Çevik, ülkenin kritik süreçlerden geçtiğini belirterek, tüm siyasi aktörleri sağduyuya davet etti:
“Gerginlikten medet uman siyaset anlayışı bu millete zarar verir. Biz YMP olarak milletimizin ortak değerlerini koruyan, ayrıştırmayan, birleştiren bir siyaseti savunuyoruz.”
“TÜRKİYE’NİN MİLLİ VE MANEVİ DİNAMİZMİ VE DİĞER SİYASİ FARKLILIKLARA TEMELLERİ TEKRAR HATIRLATACAK VE YÖN VERECEK GÜÇ BURADADIR”

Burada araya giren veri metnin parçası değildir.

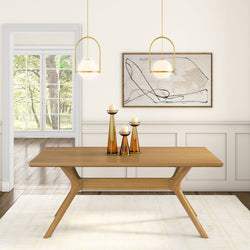 Modern dining room with a wooden table, decorative candles, pendant lights, and abstract wall art.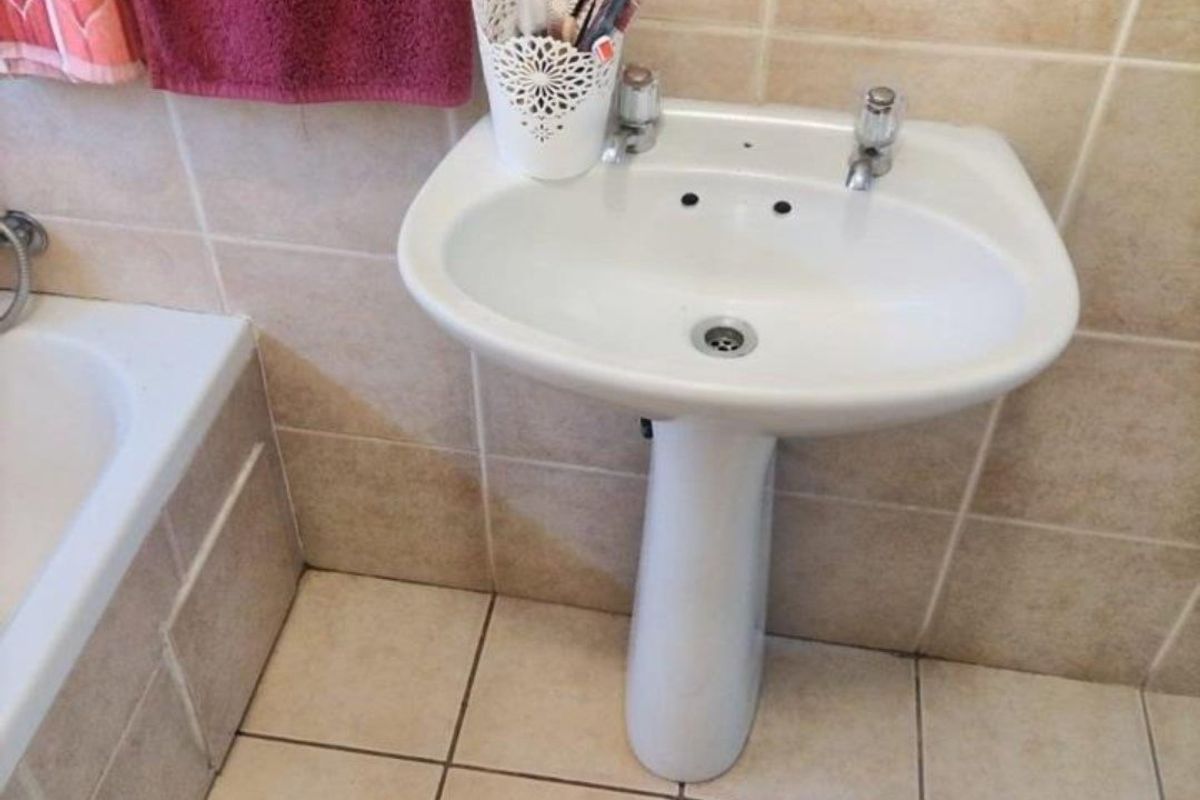 A functional bathroom featuring a white pedestal basin, tiled flooring, and wall tiling, adjacent to a bathtub.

İsmail Hakkı Çevik açıklamasını şu sözlerle tamamladı:
“Türkiye’nin gerçek anlamda milli bir çizgiden yönetilmesi, cumhuriyet değerlerinin korunması ve Atatürk milliyetçiliğinin yaşatılması için YMP olarak, başta mevcut CHP olmak üzere siyasi partilere de artık eski çıkmaz sokak olan polemik, demogoji siyasetini terk etme yönünde bir alternatif parti olmaya adaydır. Hem de yeniden halktan gelen bir oartidir..Biz bu milletin geleceği için varız ve milletimizin her bir ferdinin derdi bizim derdimizdir. Bu felsefe ve inançta olmadığımız sürece siyaset sadece çıkar ve kaostur, halkın maddi manevi yaşam özgürlüğünü, kültürel algılarını ve devlete güvenini büyük oranda zedeleyecektir..Biz, böyle istismarcı siyasette yokuz..Siyaset, halkı maddi manevi zenginleştirme sanatıdır, siyasetçiyi değil..Siyasetçi meşru kazancı neyse ekbette buna kimsenin itirazı yoktur, ama servetine de siyasi referansları alet etmemelidir "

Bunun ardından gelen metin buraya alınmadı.